- **WHAT YOU NEED TO DO**
Retype, word for word, the line holding "Оформление отказного письма" and each line after it down to the end of the data; pictures are not copied.

▶

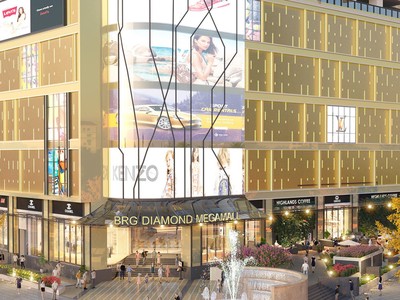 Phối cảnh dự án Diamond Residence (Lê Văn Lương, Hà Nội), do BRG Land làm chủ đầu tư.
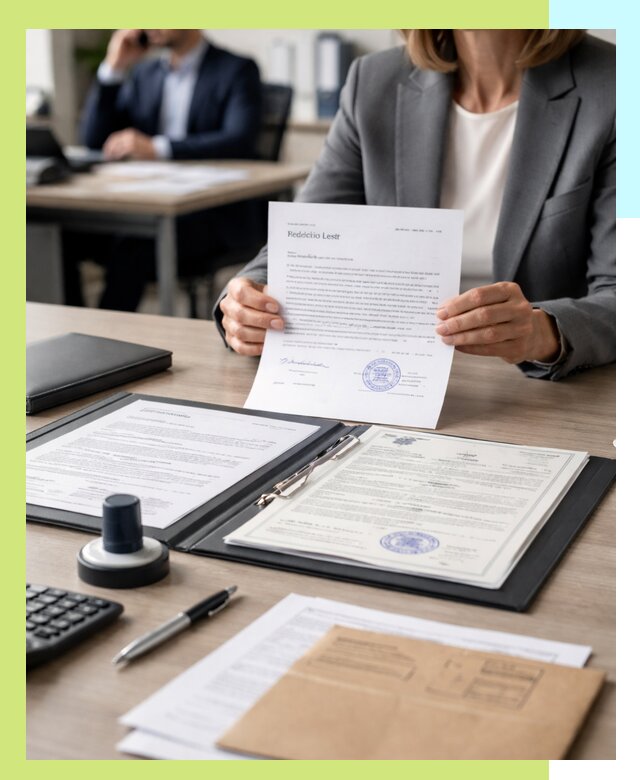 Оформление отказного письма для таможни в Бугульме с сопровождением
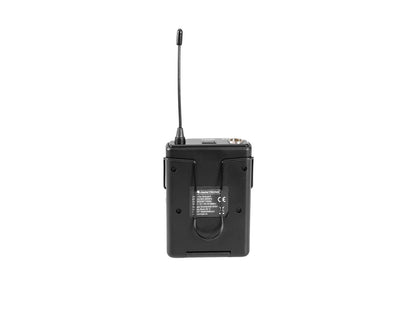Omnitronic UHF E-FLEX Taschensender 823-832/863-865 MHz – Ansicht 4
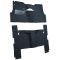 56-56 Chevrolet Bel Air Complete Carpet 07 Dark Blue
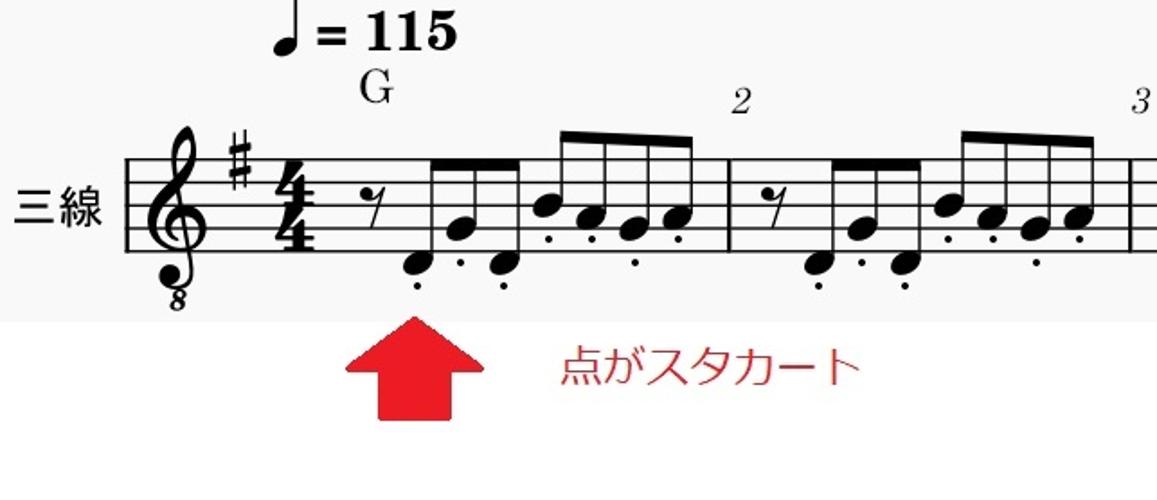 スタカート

◀

- **EXERCISE RESPONSE**
 Оформление отказного письма для таможни в Бугульме с сопровождением
Omnitronic UHF E-FLEX Taschensender 823-832/863-865 MHz – Ansicht 4
 56-56 Chevrolet Bel Air Complete Carpet 07 Dark Blue
 スタカート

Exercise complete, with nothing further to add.